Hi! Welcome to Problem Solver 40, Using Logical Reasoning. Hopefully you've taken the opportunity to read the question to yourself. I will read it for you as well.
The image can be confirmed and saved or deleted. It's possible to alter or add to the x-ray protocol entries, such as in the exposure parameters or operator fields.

* * *

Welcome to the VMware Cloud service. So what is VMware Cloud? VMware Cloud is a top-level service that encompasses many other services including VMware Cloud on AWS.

• What you have to do: Looking through the listing above, state how many of its lines contain the string "Welcome". Write only the number.

• Answer to this exercise: 2